Data segment:

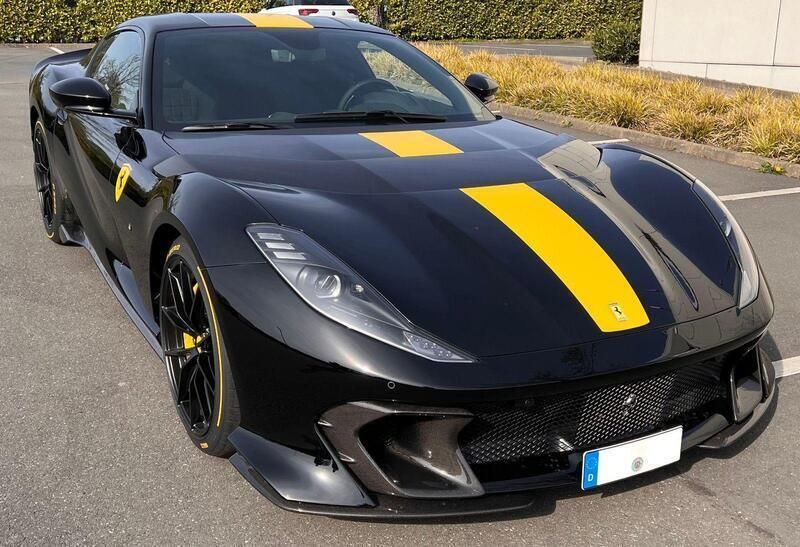 Schwarz Gebraucht 2023 Ferrari 812 Coupé | 1.549.000 € - Bild 1/4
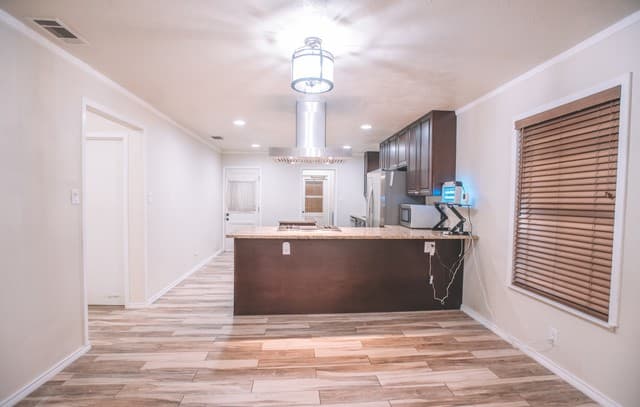 rental at 206  University in San Antonio, TX — photo 3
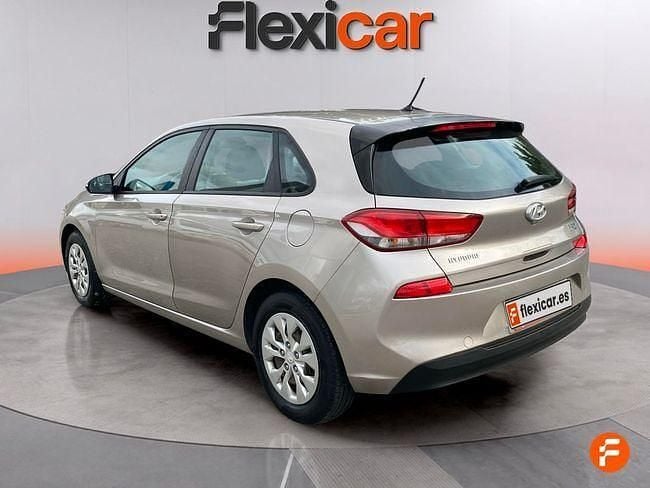 Usado Hyundai i30 GO! 95 CV (69 kW) 2018 Gris Berlina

Problem requirements: Copy each line above exactly. Images do not belong in the copy.

Solution to this task:
 Schwarz Gebraucht 2023 Ferrari 812 Coupé | 1.549.000 € - Bild 1/4
 rental at 206  University in San Antonio, TX — photo 3
 Usado Hyundai i30 GO! 95 CV (69 kW) 2018 Gris Berlina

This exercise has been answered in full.